К концу дня Шеб, оглушенный, отупевший, уставший от чужой работы, разваливался в кресле и, вытирая пот со лба, говорил жене:

— Вот жизнь, какой мне всегда недоставало… Кипучая, деятельная.

Г-жа Шеб, привыкшая к причудам мужа, снисходительно улыбалась в ответ. Она постаралась по возможности удобнее устроиться в помещении за лавкой, выходившем окнами на темный двор, и жила, утешаясь воспоминаниями о былом благосостоянии своих родителей и мыслями о богатстве дочери. Всегда опрятно одетая, она успела приобрести уважение поставщиков и соседей.

Большего она и не требовала. Главное, чтобы ее не смешивали с женами рабочих, хотя некоторые из них были богаче ее. Ей хотелось во что бы то ни стало поддержать престиж женщины, принадлежащей к буржуазному кругу. И она делала для этого все, что могла; ее комнатка за лавкой, где в три часа дня было темно, как ночью, блистала порядком и чистотой. Днем кровать складывалась, превращалась в диван, старая шаль служила скатертью, камин, заставленный ширмой, — буфетом, а на плите величиною с жаровню скромно приготовлялась пища. Покой — такова была единственная мечта бедной женщины, которую постоянно выбивали из колеи затеи ее неугомонного спутника жизни.

С первых же дней по указанию Шеба на свежевыкрашенной вывеске было выведено огромными буквами:

КОМИССИОНЕРСТВО. ЭКСПОРТ.

Специальность не была указана. Его соседи торговали тюлем, сукном, полотном; он готов был торговать всем, чем угодно, но пока все еще не мог ни на чем остановиться. Зато какие пространные рассуждения приходилось выслушивать г-же Шеб вечером, перед сном.

— Я ничего не смыслю в полотне, но за сукна ручаюсь. Только, если я за них возьмусь, мне понадобится разъездной агент, так как лучшие сорта производятся в Седане и Эльбефе. О цветных тканях нечего и говорить, на них спрос только летом. Торговать тюлем тоже нет смысла — сезон уже на исходе.

Чаще всего колебания Шеба кончались так.

— Утро вечера мудренее… Пора ложиться… — говорил он и, к великому облегчению жены, шел спать.

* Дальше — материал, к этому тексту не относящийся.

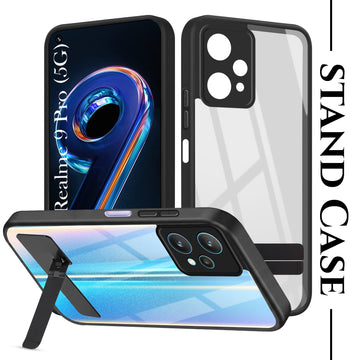 For Realme 9 Pro Back Cover Case (Built-in Stand | Lifetime Anti Yellow | Kickstand Shockproof | Camera Protection | MagSafe Compatible)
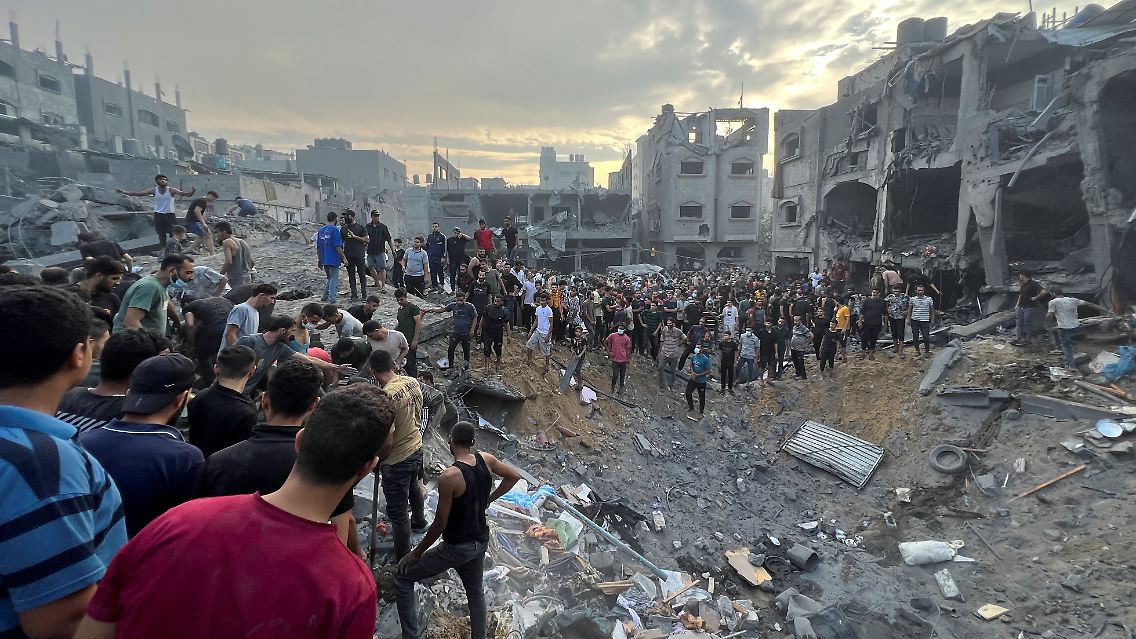 Dschabalia liegt im Norden des Gaza-Streifens.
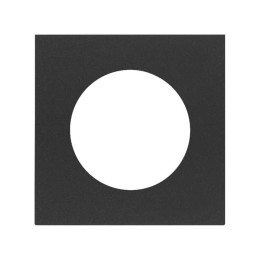 Накладка евро-американской розетки черный матовый Simon 100, 10000047-238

Несколько месяцев спустя Шеб заскучал. Вернулись головные боли и головокружение. Квартал оказался шумным, нездоровым. Да и дела не шли. Ничего не продавалось: ни сукно, ни другие материи — ничего.

И вот как раз в момент этого нового кризиса «мадемуазель Планюс, сестрица» явилась раскрыть им глаза на поведение Сидони.

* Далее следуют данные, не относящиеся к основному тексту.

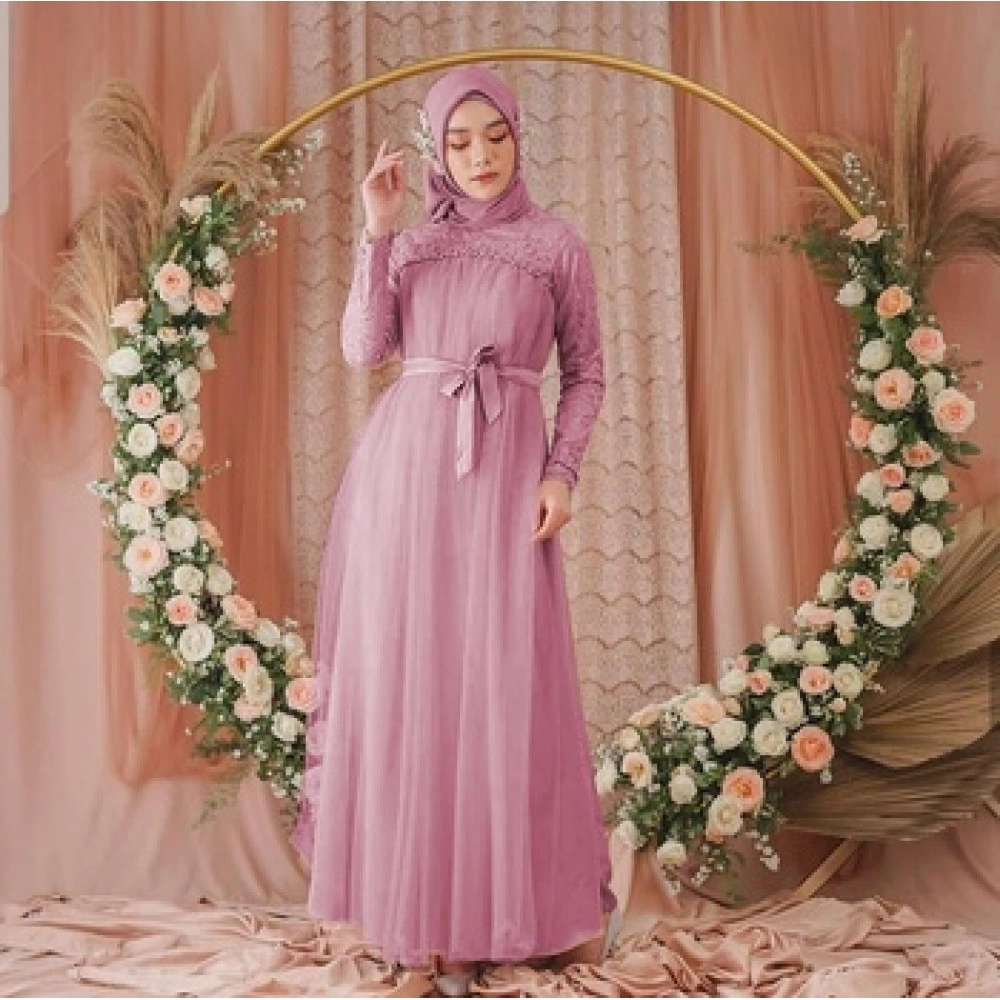 Baju Wanita Hj Maxi Mikayla Ra Dusty Baju Wanita Hj Maxi Mikayla Ra Dusty
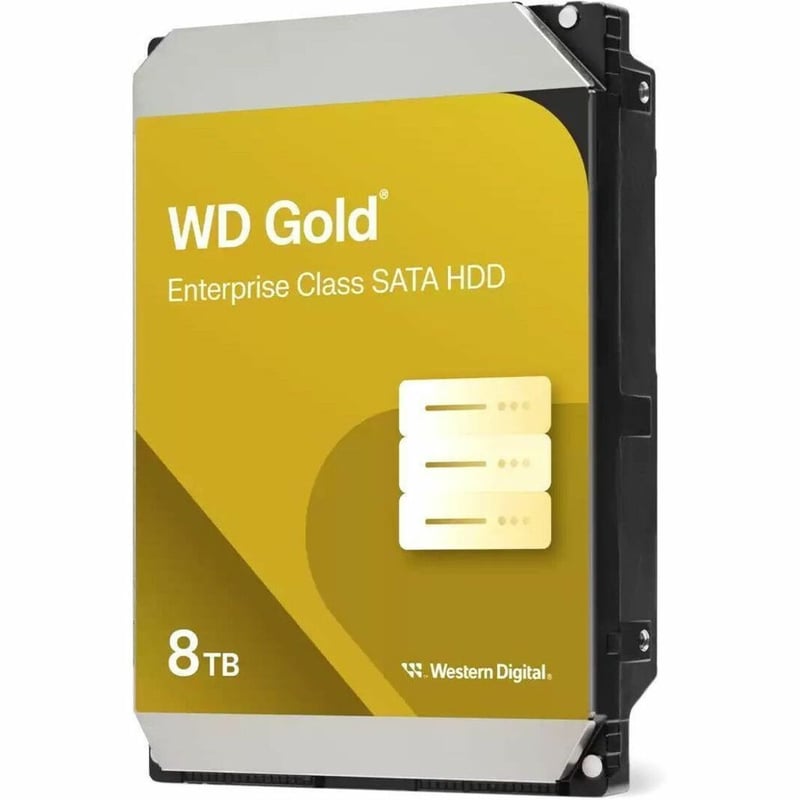 WD Gold WD8005FRYZ 8 TB Hard Drive - 3.5" Internal - SATA (SATA/600) - Thumbnail 1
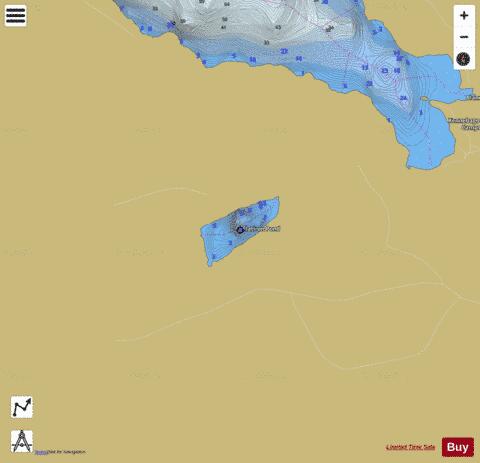 Flatiron Pond depth contour Map - i-Boating App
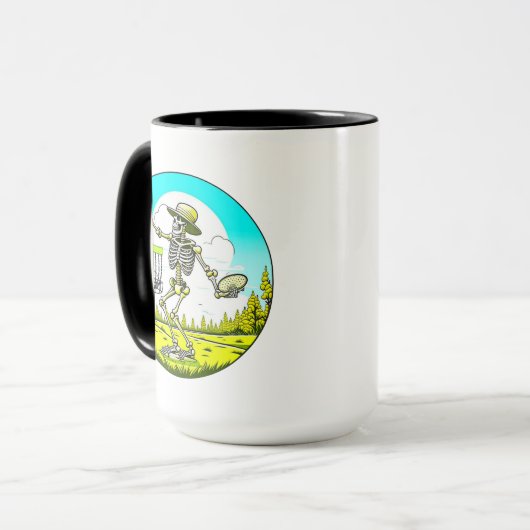 Rattle That Chains | Disk Golf Tasse (Vorderseite Links)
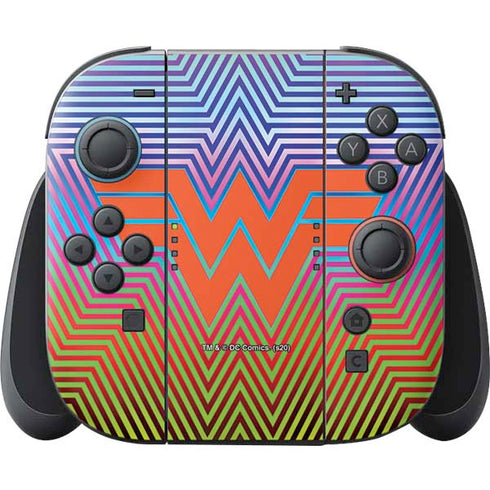 Wonder Woman 1984 (2020) Rainbow Chevron Logo Nintendo Skins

Дорогой старая дева говорила себе: «Сначала нужно их подготовить…» Но, как и все робкие люди, она выложила все сразу, с первых же слов, едва успев войти.

Эффект получился необычайный. Услышав, что обвиняют ее дочь, г-жа Шеб в негодовании вскочила… Нет, она ни за что этому не поверит! Бедная Сидони — жертва гнусной клеветы.

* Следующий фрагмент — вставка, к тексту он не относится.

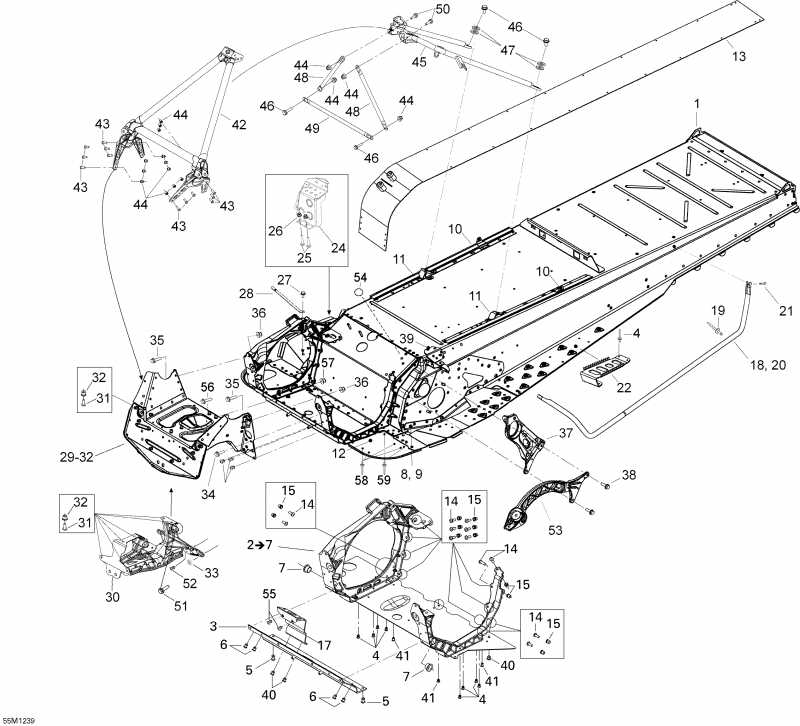  Ski Doo  Expedition LE 1200 XU, 2012 -   Components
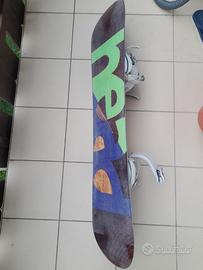 Tavola da snowboard con attacchi Salomon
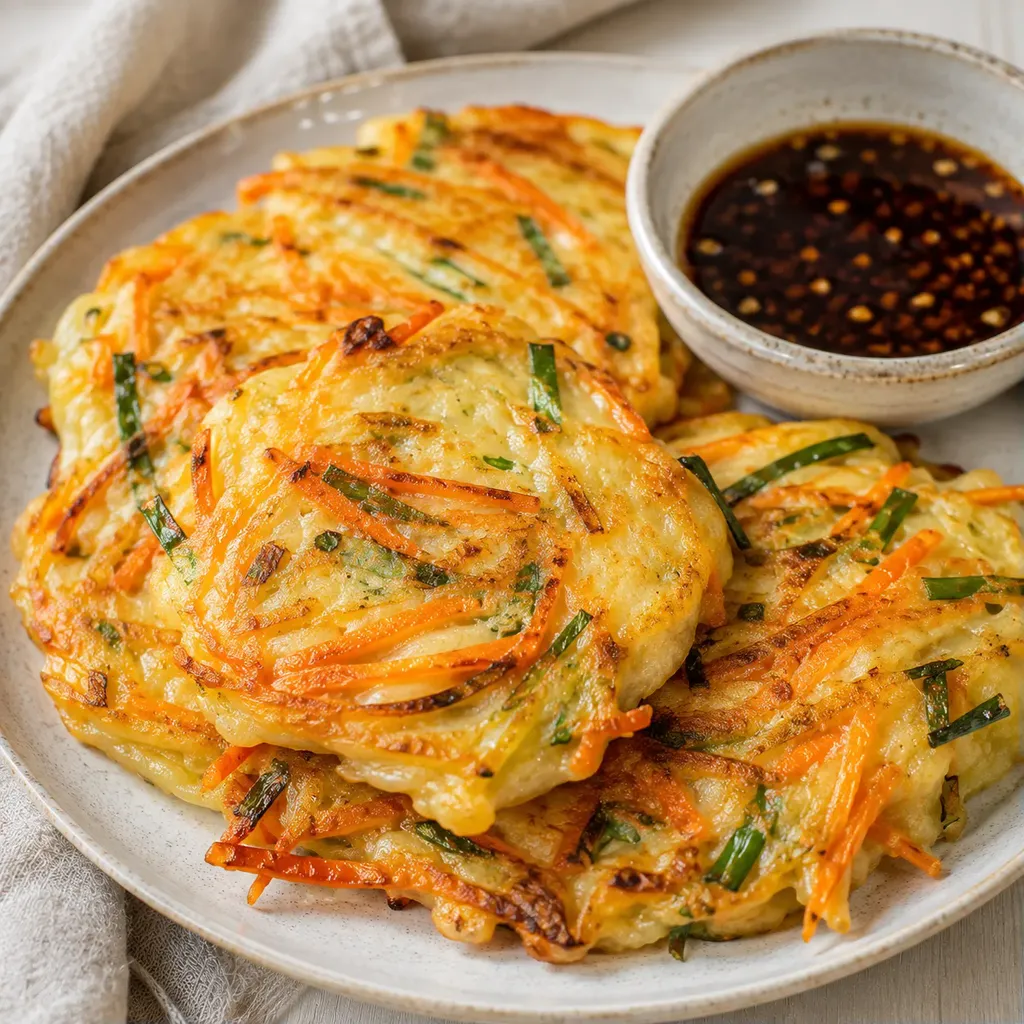 Pancakes coréens aux légumes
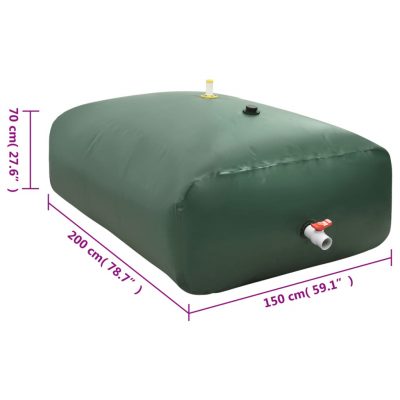 Wassertank mit Wasserhahn Faltbar aus PVC 2100L – Bild 7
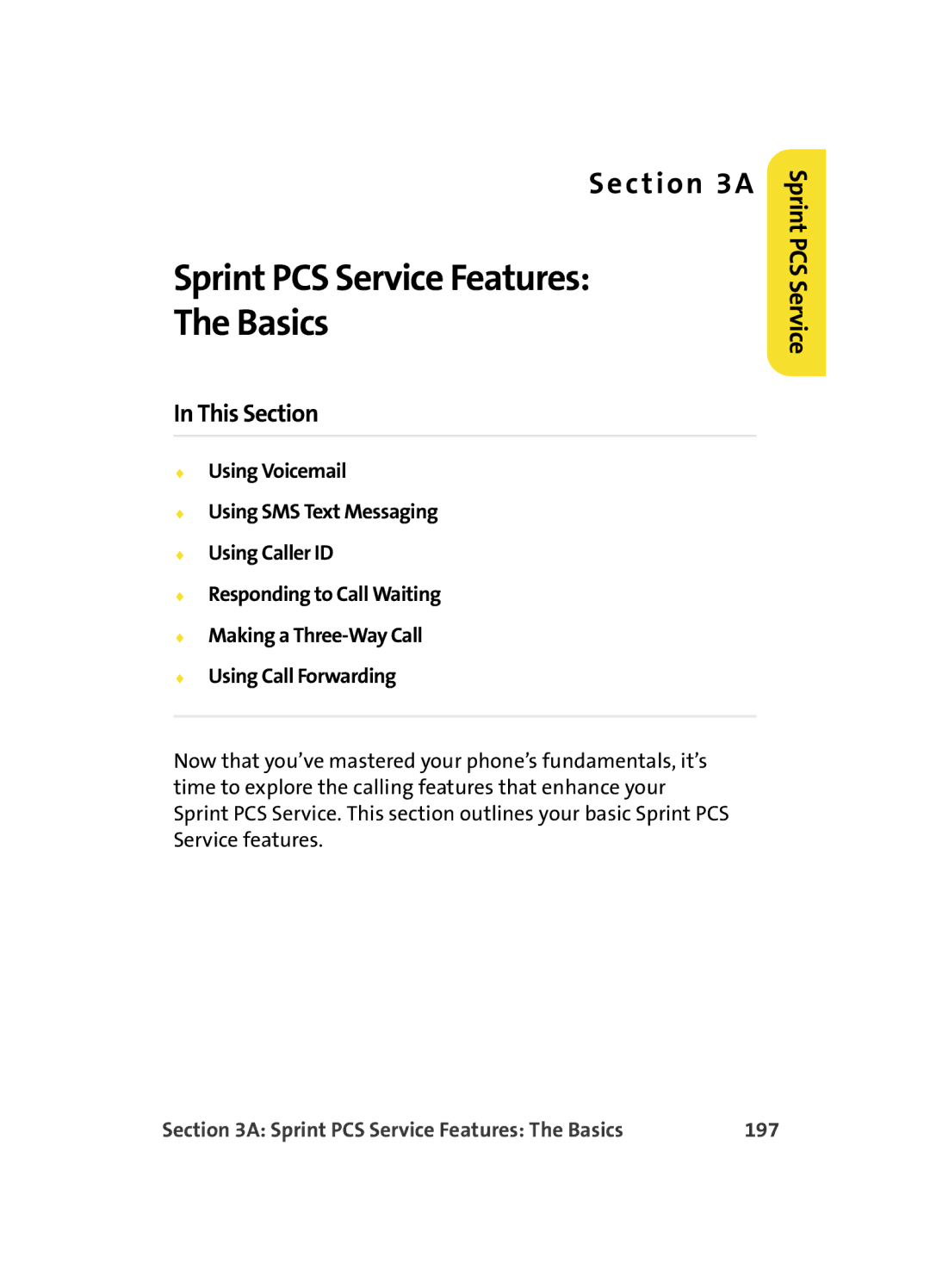 Samsung MM A880 manual Sprint PCS Service, 197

Шеб обошелся с мадемуазель Планюс свысока. Он гордо вскидывал голову, сыпал громкими фразами, по обыкновению, все относя на свой счет. Как могли подумать, что его дитя, урожденная девица Шеб, дочь почтенного коммерсанта, уже тридцать лет известного в торговом мире, была способна на… оставьте, пожалуйста!

Мадемуазель Планюс стояла на своем… Ей совсем не хочется прослыть сплетницей и распространительницей дурных слухов, но у нее есть веские доказательства… Это уж больше ни для кого не секрет.

— А если бы и так!.. — раскричался Шеб, выведенный из себя ее настойчивостью. — Почему мы должны в это вмешиваться? Наша дочь замужем. Она живет отдельно… У нее есть муж… гораздо старше ее, — пусть он ее и наставляет, руководит ею… Он-то по крайней мере задумался над этим?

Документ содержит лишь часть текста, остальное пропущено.